MiniHUBO (Miniature Humanoid Robot) is an small affordable adaptable robot platform. MiniHUBO is a miniaturized version of the HUBO developed by the Korea Advanced Institute of Science and Technology (KAIST). The goal of MiniHUBO is to develop an affordable and open-ended research platform to expand knowledge in the human robotics field. MiniHUBO is designed to be simple to fabricate and assemble. MiniHUBO is Designed with a flexible control unit capable of easily integrating sensors to increase capability.
DAVID (Demonstrative Automobile for the Visually Impaired Driver) is the world's very first, and only vehicle than can be driven by the blind, developed in response to an initiative proposed by the National Federation of the Blind (Blind Driver Challenge). Through the development and integration of novel non-visual driver interfaces on an existing vehicle platform, the goal is to provide the blind with a degree of independence that they have never before experienced.
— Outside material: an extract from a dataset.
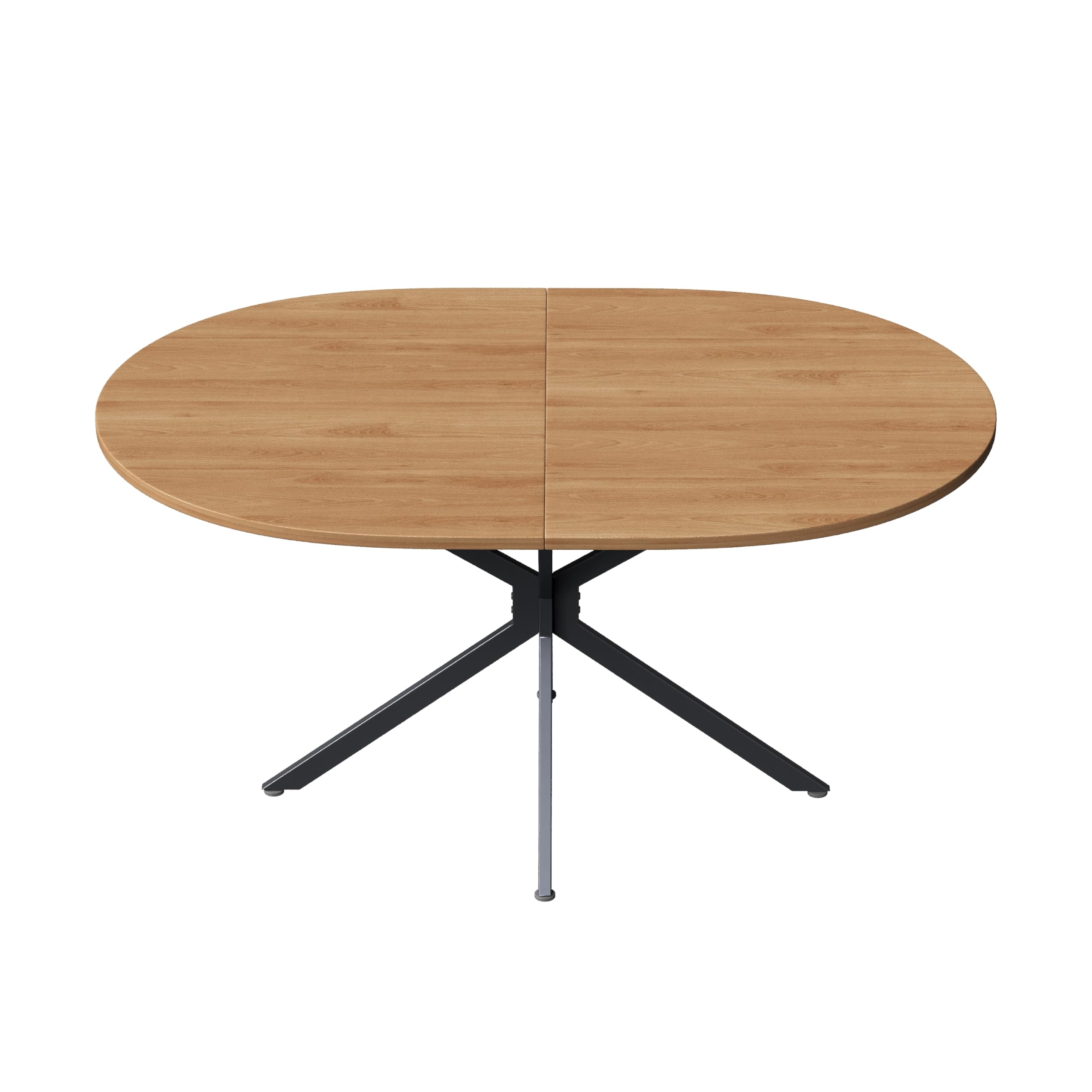 Merax Table de salle à manger ovale, table de salle à manger moderne et simple, pieds en métal, pour 4-6 personnes, convient pour salon, salle à manger, cuisine, bureau, jardin, 120 x 80 x 75,5 cm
RAPHaEL (Robotic Air Powered Hand with Elastic Ligaments) is a dexterous robotic hand powered by compressed air with a novel actuator in the shape of an accordion like corrugated tubing. Each finger of the hand is actuated by three actuator segments connected to a single compressed air line. All three segments of the finger moves as compressed air enters the actuator triggered by a solenoid, and the finger returns to its original position by elastic members attached to the finger when the air is cut off. The force, position, and compliance of the finger is controlled by a electronic air pressure regulator through feedback from the bending position sensors and force sensors at the tip of each fingers. This mechanism significantly simplifies the design, control, and implementation of a dexterous hand and dramatically lowers the cost enabling it to be a cost effective practical solution for use in prosthesis.
The Cam-based Function Generating Transmission is a novel mechanism that takes two inputs, an angular rotational input and a ‘gear ratio’ selection, and outputs an angular rotation with a variable speed ratio. This transmission has unique characteristics such as generating specific functional speed ratio outputs including dwells, for a constant velocity input.